TRADUCCIÓN DEL FRANCÉS

DE NÚRIA PETIT

ACANTILADO

BARCELONA 2025

Hacia las diez, los jugadores del póquer familiar presentaban signos de cansancio. Camille luchaba contra la fatiga como se lucha a los diecinueve años, es decir, que por momentos volvía a mostrarse animosa y despejada; luego bostezaba detrás de las manos cerradas y reaparecía pálida, con la barbilla blanca y las mejillas un poco negras bajo los polvos teñidos de ocre, y con dos lagrimitas en la comisura de los ojos.

—¡Camille, deberías acostarte!

—¡Son las diez, mamá, son las diez! ¿Quién se acuesta a las diez?

Buscaba con la mirada la ayuda de su prometido, que yacía derrumbado en un sillón.
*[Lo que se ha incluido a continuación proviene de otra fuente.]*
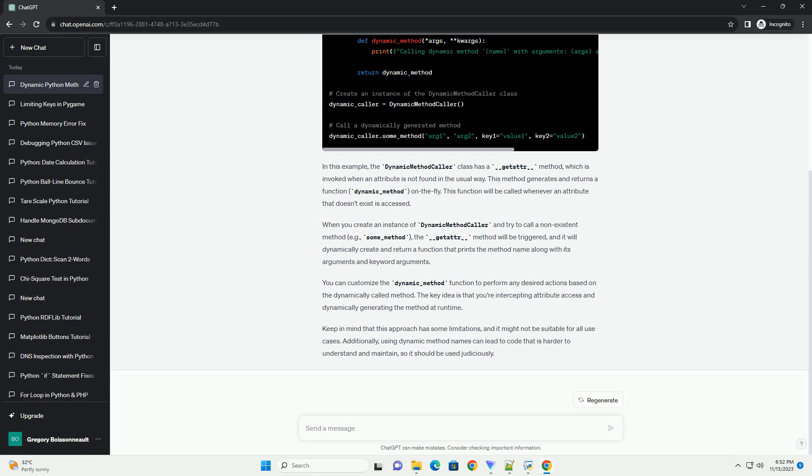And it will dynamically create and return a function that prints the method name along with its arguments and keyword arguments. You can customize the dynamic_method function to perform any desired actions based on the dynamically called method.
—Déjalos—dijo la voz de otra madre—. Aún les quedan siete días de espera. Es natural que estén un poco atontados.

—Por eso mismo. Qué más da una hora más o una hora menos… Camille, deberías acostarte. Y nosotros también.
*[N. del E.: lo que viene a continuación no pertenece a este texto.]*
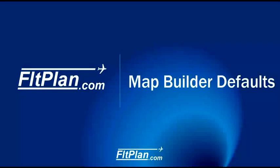Thanks for watching Flight Plan Video Support. In today's video, we will be showing how to set the Map Builder defaults.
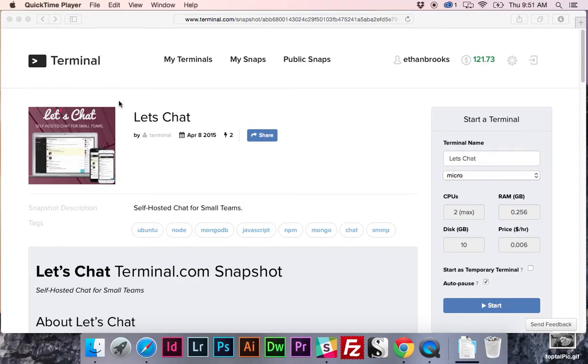Hey guys, it's Ethan here with Terminal.com and today we've got a cool video for you. I'm going to show you how to spin up a terminal with a messaging environment on it for your entire team in just a couple of clicks.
—¡Siete días!—exclamó Camille—. ¡Pero si es lunes! Ya no me acordaba… ¡Alain, ven, Alain!

Tiró el cigarrillo al jardín y encendió otro, escogió y barajó las cartas del póquer abandonado y las dispuso cabalísticamente.

—¡Vete a saber si tendremos el coche, ese roadster como de juguete, antes de la ceremonia! Mira, Alain. ¡No me lo invento! Aquí viene, con el viaje y con la noticia importante…

—¿Quién?

—¡El roadster!

Sin despegar la nuca del sillón, Alain volvió la cabeza hacia la cristalera abierta de donde venía un olor dulce a espinacas y a hierba fresca, pues habían estado segando el césped durante el día. La madreselva drapeaba un gran árbol muerto y aportaba la dulzura de sus primeras flores. Un tintineo cristalino anunció que entraban los siropes de las diez y el agua fresca en los brazos temblorosos del viejo Émile, y Camille se levantó para llenar los vasos.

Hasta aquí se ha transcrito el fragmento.